[[ THE RECORDS open ]]

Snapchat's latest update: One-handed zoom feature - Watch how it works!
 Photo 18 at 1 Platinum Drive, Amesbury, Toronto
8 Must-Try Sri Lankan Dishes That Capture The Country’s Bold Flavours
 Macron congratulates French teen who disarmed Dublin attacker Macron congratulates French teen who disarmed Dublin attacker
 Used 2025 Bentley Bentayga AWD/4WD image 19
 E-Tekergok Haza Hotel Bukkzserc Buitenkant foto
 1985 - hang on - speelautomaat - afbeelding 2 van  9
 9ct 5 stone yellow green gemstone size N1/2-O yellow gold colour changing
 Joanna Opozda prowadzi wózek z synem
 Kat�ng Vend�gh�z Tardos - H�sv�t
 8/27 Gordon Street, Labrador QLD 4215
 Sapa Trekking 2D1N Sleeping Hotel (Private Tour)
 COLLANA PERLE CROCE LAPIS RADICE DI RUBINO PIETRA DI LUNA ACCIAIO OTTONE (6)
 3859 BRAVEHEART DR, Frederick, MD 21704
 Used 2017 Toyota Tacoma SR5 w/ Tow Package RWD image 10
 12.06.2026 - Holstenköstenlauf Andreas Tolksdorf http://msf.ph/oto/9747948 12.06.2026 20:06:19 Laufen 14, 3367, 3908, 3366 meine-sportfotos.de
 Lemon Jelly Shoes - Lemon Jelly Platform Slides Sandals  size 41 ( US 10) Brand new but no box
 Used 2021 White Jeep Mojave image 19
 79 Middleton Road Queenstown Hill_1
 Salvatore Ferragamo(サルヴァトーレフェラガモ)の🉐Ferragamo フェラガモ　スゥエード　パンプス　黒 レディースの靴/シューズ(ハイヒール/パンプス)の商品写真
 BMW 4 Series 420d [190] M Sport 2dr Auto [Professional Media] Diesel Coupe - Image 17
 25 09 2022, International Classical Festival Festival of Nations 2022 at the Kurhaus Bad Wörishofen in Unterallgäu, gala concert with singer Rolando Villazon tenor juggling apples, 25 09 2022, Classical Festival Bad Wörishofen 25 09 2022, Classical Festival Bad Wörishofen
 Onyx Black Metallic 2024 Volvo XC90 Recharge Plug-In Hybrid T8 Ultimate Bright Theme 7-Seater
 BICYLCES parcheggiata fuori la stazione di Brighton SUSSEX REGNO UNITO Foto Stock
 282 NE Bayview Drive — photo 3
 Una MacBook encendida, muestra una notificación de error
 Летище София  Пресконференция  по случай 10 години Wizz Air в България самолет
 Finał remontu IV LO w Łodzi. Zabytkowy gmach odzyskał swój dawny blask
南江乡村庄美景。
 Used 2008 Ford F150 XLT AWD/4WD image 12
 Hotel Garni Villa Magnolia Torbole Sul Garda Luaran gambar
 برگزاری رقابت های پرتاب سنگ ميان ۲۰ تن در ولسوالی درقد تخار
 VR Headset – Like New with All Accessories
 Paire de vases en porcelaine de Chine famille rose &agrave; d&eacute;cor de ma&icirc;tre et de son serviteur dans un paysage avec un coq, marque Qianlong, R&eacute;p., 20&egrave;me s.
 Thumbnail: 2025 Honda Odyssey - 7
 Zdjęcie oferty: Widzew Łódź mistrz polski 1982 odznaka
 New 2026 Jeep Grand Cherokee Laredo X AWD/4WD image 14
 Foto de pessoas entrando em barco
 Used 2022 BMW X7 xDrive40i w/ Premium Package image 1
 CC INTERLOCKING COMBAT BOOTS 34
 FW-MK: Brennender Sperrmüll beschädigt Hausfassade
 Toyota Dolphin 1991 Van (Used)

[[ THE RECORDS closed ]]

- AIM OF THE TASK
Once you have found every line above holding the word "Jeep", copy those lines.

- ANSWER TO THE PROBLEM
 Used 2021 White Jeep Mojave image 19
 New 2026 Jeep Grand Cherokee Laredo X AWD/4WD image 14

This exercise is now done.